Si Jesús hubiera sido un profesor o un político de nuestro tiempo, le hubiera respondido: “Depende de lo que entiendas por Mesías, porque hay muchas maneras de entender el mesianismo y con algunas resulta que bla, bla; bla, bla; bla, bla.” Pero Jesús era Jesús y le responde con sus actos: “Los ciegos ven, los cojos andan, los leprosos son limpiados, y los sordos oyen; los muertos son resucitados y a los pobres es anunciado el evangelio. Y bienaventurado es el que no halle a tropiezo en mí.”
De esta respuesta una cosa nos sorprende: ¿quién iba a encontrar tropiezo en todo lo bueno que estaba haciendo?, ¿quién puede escandalizarse de la bondad para con los más débiles? Al preguntar así somos, por una parte, unos ingenuos, y por otra, un poco hipócritas.
Todos arrimamos el ascua a nuestra sardina, todos buscamos una buena sombra que nos cobije; la pobreza y las carencias nos asustan, rechazamos lo tosco; nuestra naturaleza tiende a lo más cómodo, a la abundancia.

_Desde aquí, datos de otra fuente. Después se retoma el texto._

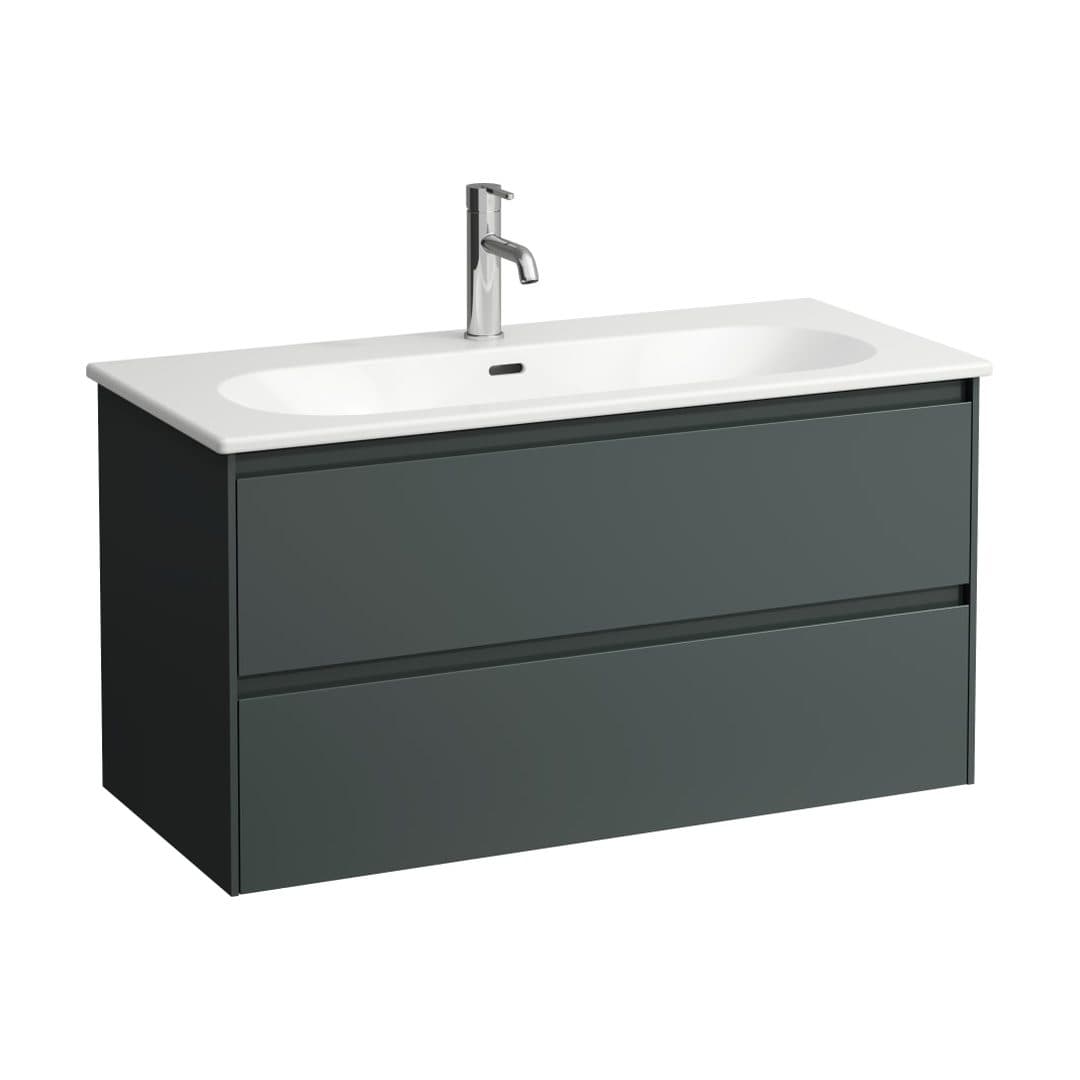 Laufen LUA – Έπιπλο Νιπτήρα – 1000 mm, 2 συρτάρια, σετ με νιπτήρα, slim, 1 οπή – Traffic Grey (H8600882661041)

Pero, sobre todo, huimos de la irrelevancia: queremos ser alguien, ser considerados, tenidos como personas valiosas, importantes, decisivas, aunque sólo sea en el ámbito reducido en el que nos desarrollamos. La opción de Jesús por comenzar su misión desde los más pobres sigue siendo piedra de escándalo para muchos cristianos aunque no lo reconozcamos. Jesús no construye desde un solar desescombrado, por suerte parte de nuestras ruinas para llevar adelante su misión.